Three former U.S. State Department officials told CBS News that they disagree sharply with the Biden administration’s policy toward Gaza, according to an episode of “60 Minutes” that aired on Jan 12.
Josh Paul, a former director of the department’s political and military affairs bureau, and Hala Rharrit, a former Arabic spokeswoman for the department in Dubai, told “60 Minutes” that they quit their jobs over U.S. policy toward Israel, while Andrew Miller said that he resigned as deputy assistant secretary of state for Israeli-Palestinian affairs for personal reasons.
Since leaving the department, Miller has become a vocal critic of U.S. Israel policy, and he and the other two guests accused Washington of being complicit in violations of international law.
Miller told “60 Minutes” that Israeli Prime Minister Benjamin Netanyahu received the message from Washington “that he was the one in the driver’s seat and he was controlling this, and U.S. support was going to be there, and he could take it for granted.”
Asked during the “60 Minutes” program when the war will end, Miller replied: “When Israel says it’s over.”
“There is a linkage between every single bomb that is dropped in Gaza and the U.S. because every single bomb that is dropped is dropped from an American-made plane,” Paul said in the interview.
“What is happening in Gaza would not be able to happen without U.S. arms,” Rharrit said. “That’s without a doubt.” She added that there is “palpable” anger throughout the Arab world.
Sen. Tom Cotton (R-Ark.) wrote that “60 Minutes,” which “recently hid Kamala’s transcript and doctored her interview to help her, runs a disgraceful hit job against Israel.”
“‘60 Minutes’ forgot that Hamas started the war, Hamas still holds American hostages and any damage in Gaza is the sole fault of Hamas,” he added.
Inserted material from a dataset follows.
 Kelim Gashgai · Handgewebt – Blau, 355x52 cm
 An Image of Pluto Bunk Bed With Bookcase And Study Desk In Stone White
The American Jewish Committee stated that it is “deeply disturbed” about the “60 Minutes” episode.
The segment is “the latest example of major news outlets recklessly reporting on Israel’s defensive war against Hamas, was shockingly one-sided, lacked factual accuracy and relied heavily on misguided information.”
“Perhaps most egregiously, the segment made almost no mention of Hamas’s actions that started this war, placing Palestinian civilians in Gaza in harm’s way for years by embedding weapons and other terrorist infrastructure in civilian areas,” the AJC stated.
“The segment only briefly referred to Hamas’s massacre on Oct. 7, 2023, described their fighters as ‘militants’ rather than terrorists, and even went so far as to elevate the outlandish notion that, following Hamas’s Oct. 7 attack, Israel should have sought to make peace with Hamas terrorists rather than act in self-defense,” it added.
In response to a “60 Minutes” post on social media stating “U.S. support for the war in Gaza has put a target on America’s back, says Hala Rharrit, a former State Department official,” the conservative columnist Karol Markowicz wrote that “if we just do what the Islamists say, they wouldn’t have to hurt anyone.”
“So we should support the people who kidnap Americans and chant ‘death to America’?” wrote Philip Klein, editor of National Review Online. “If you ever needed more evidence that the State Department needs to be gutted by Marco Rubio.”